In his dissertation work at the Department of Journalism, Media, and Communication, Jakob Bjur studied so-called social viewing.
In the past, watching TV was a social activity that brought people together. The whole family watched the same program on the same TV set, and when people went to work the next day they could be fairly sure that most other people had also seen the same program. This is no longer the case. What once brought us together is now a source of fragmentation. Most families have several TVs, and they sit in different rooms and view different programs – if they watch TV at all.

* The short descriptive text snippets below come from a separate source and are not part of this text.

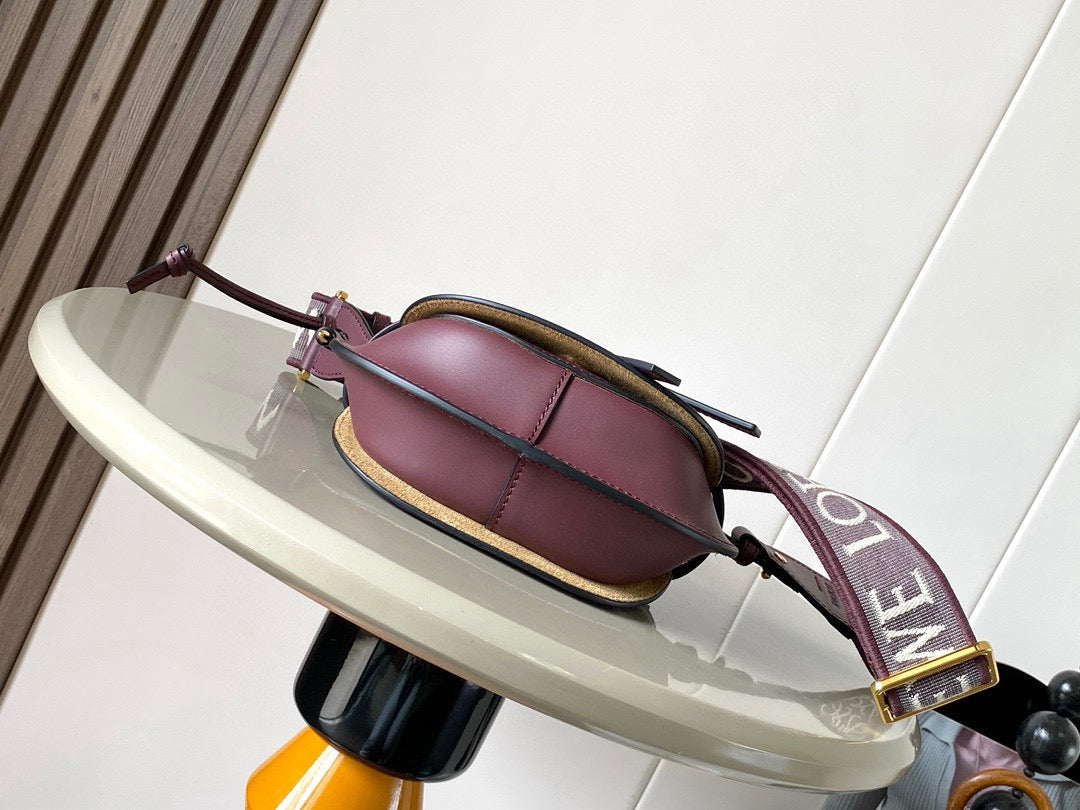 Loewe Saddle Bag 21 Burgundy Leather 280430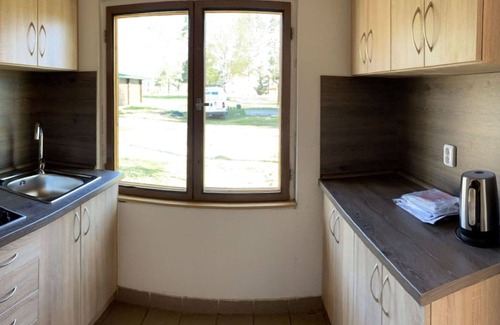 Hradec Kralove Casa | Bonito apartamento en villa para 12 personas con WIFI, TV, patio y mascotas permitida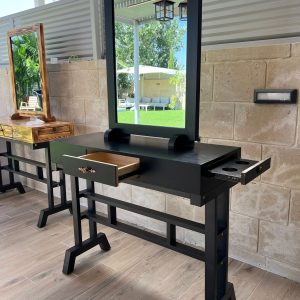 עמדת ספרים / עמדת עבודה למספרה - צבע שחור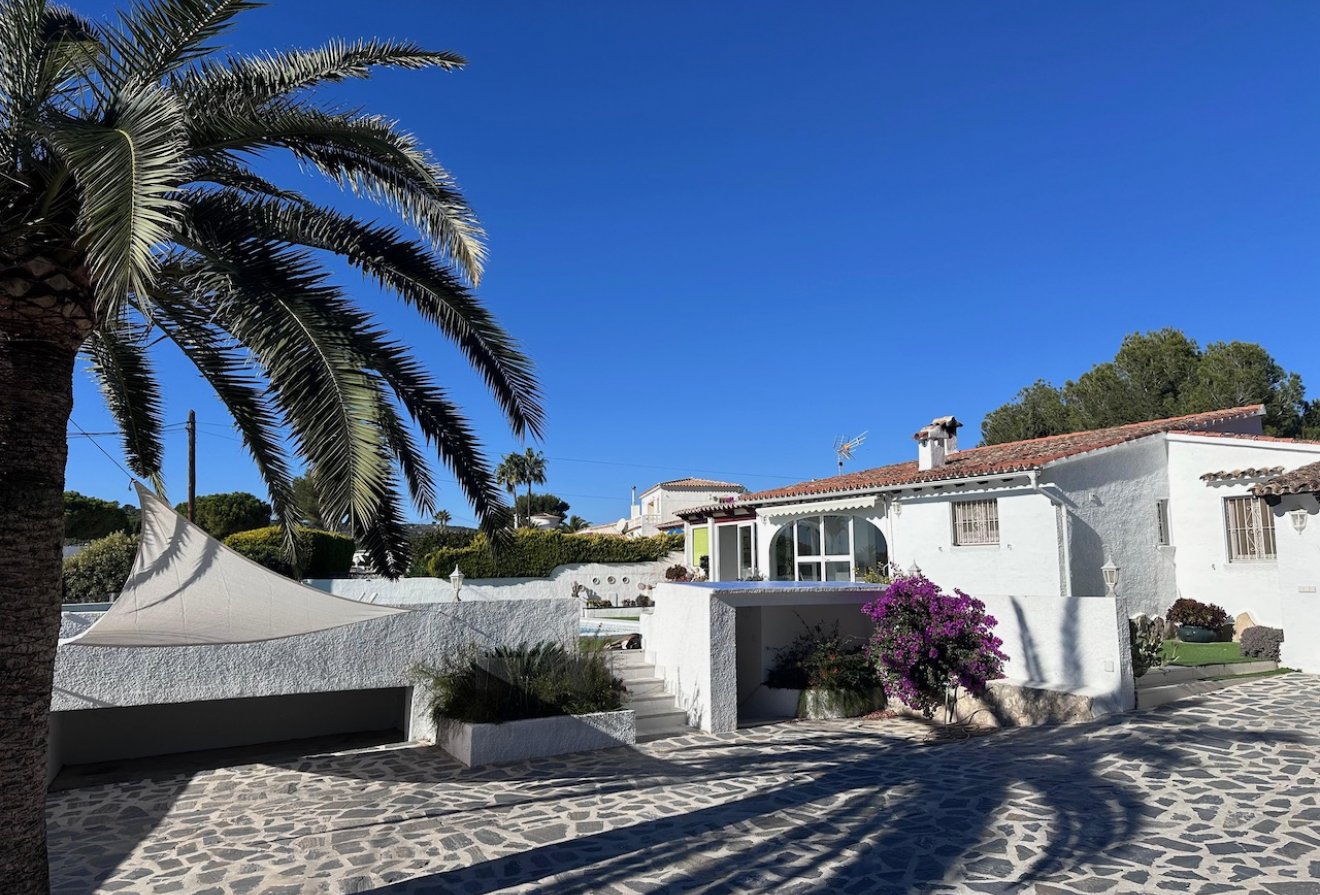 Resale - Villa -
Moraira - La Sabatera
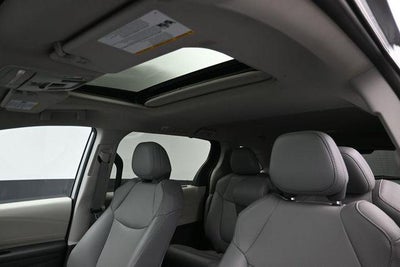 2023 Toyota Sienna XLE 8 Passenger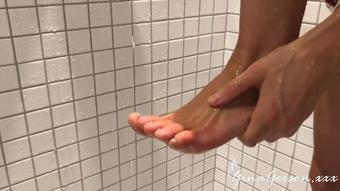 Wet feet and more (Gina Gerson Real)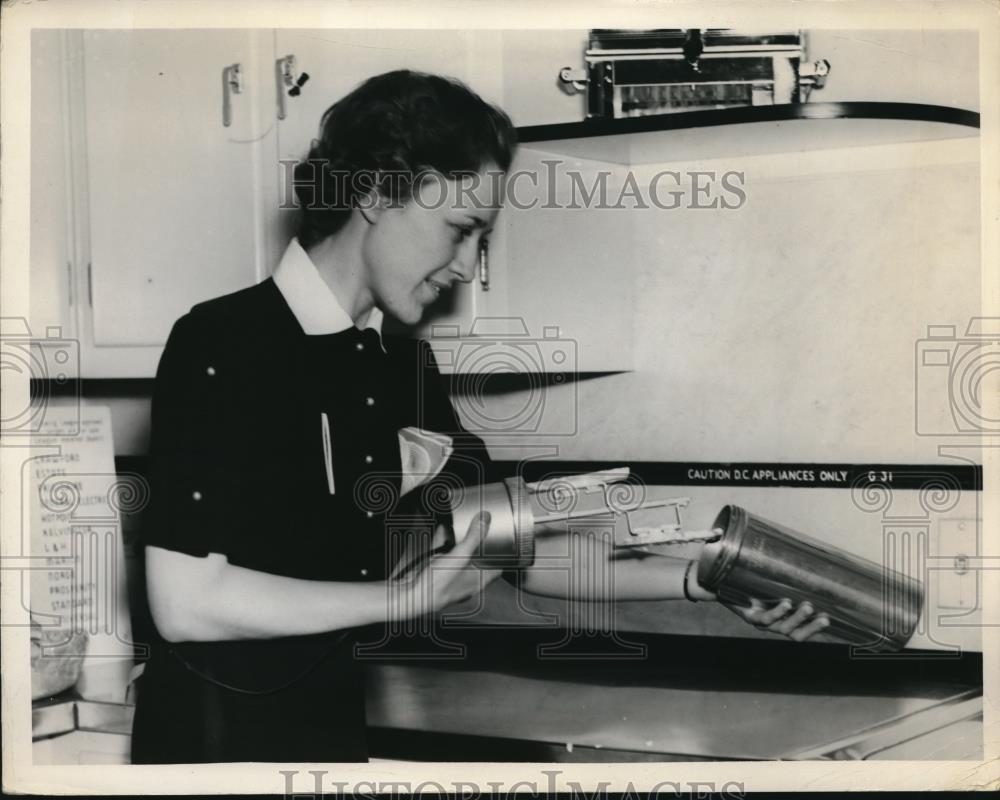 1938 Press Photo Electric Ice Cream Freezer - Historic Images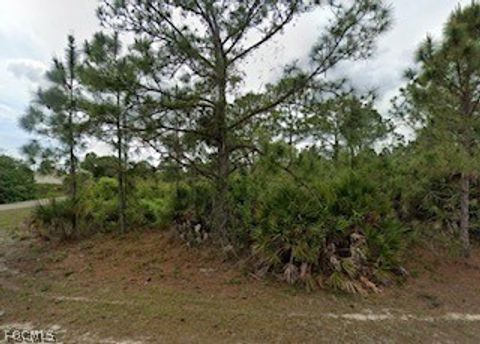 4601 Laura Avenue N Lehigh Acres FL 33971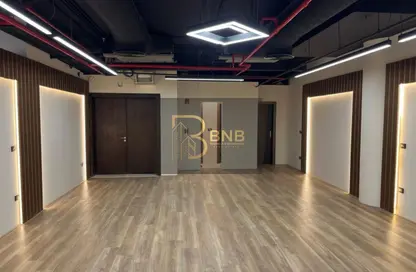 مساحات مكتبية - 6 غرف نوم - 2 حمامات للايجار في ديستريكت 5 - كمبوندات التجمع الخامس - التجمع الخامس - مدينة القاهرة الجديدة - القاهرة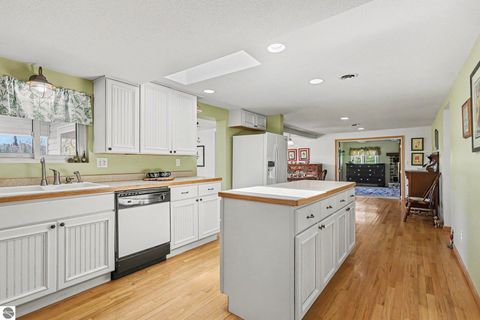 Tiny photo for 8101 Long Lake Road, Hale, MI 48739 (MLS # 1945503)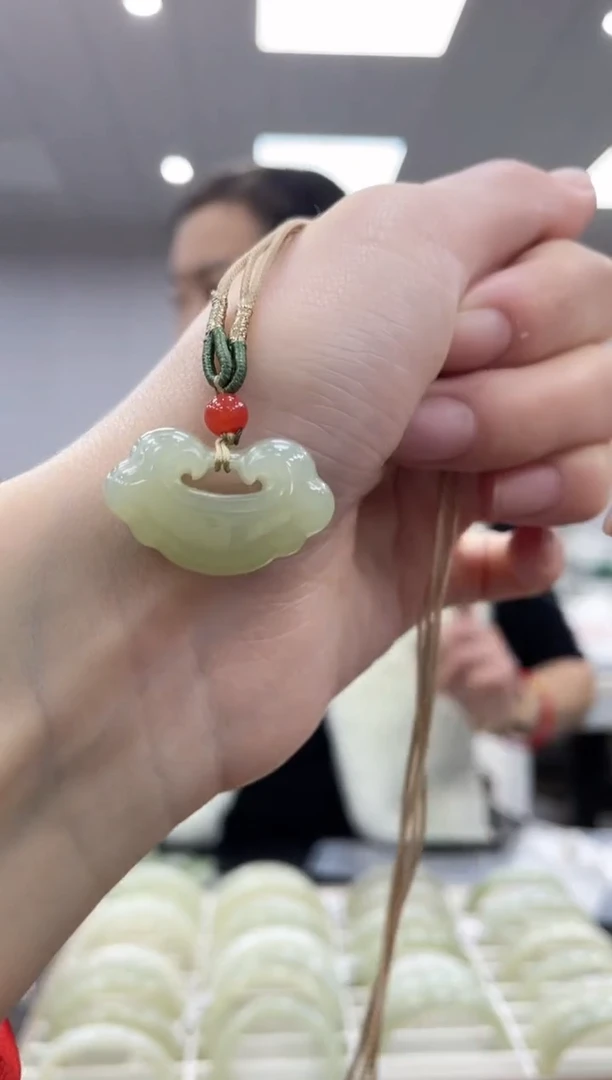 【闪购商品】和田玉吊坠未镶嵌多样性拍一发一005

What’s more, the channel offerings have become so large and varied that few programs qualify as shared topics in the lunchroom at work.
“In 1999 social viewing, watching together, accounted for 45 percent, and in 2008 it was down to 37 percent. We are becoming more and more individualistic also in our TV choices, and I’m convinced that this trend will continue. We can no longer speak of TV as a social adhesive, a unifying force,” says Jakob Bjur.
There still are programs that attract really large audiences: the European Song Contest and games featuring the national soccer team, for example. But the TV landscape is different from what it was just a decade ago, with more players, more distribution channels, more ways of viewing, all in stiffening competition. Competition for viewers has prompted TV companies to seek out niche channels rather than finding programs to attract a huge audience. TV 4, for example, started out with a single channel, but today they have some 30 channels throughout the Nordic countries.
“People still gab,” says Jakob Bjur. “But the discussion is on the Net instead, in specific groups, not least for TV series. ”
This fragmented/niched audience is moreover economically attractive: advertisers can zero in on the exact target group for their message. It’s easy to find parents of small children, those interested in construction, or fashionistas.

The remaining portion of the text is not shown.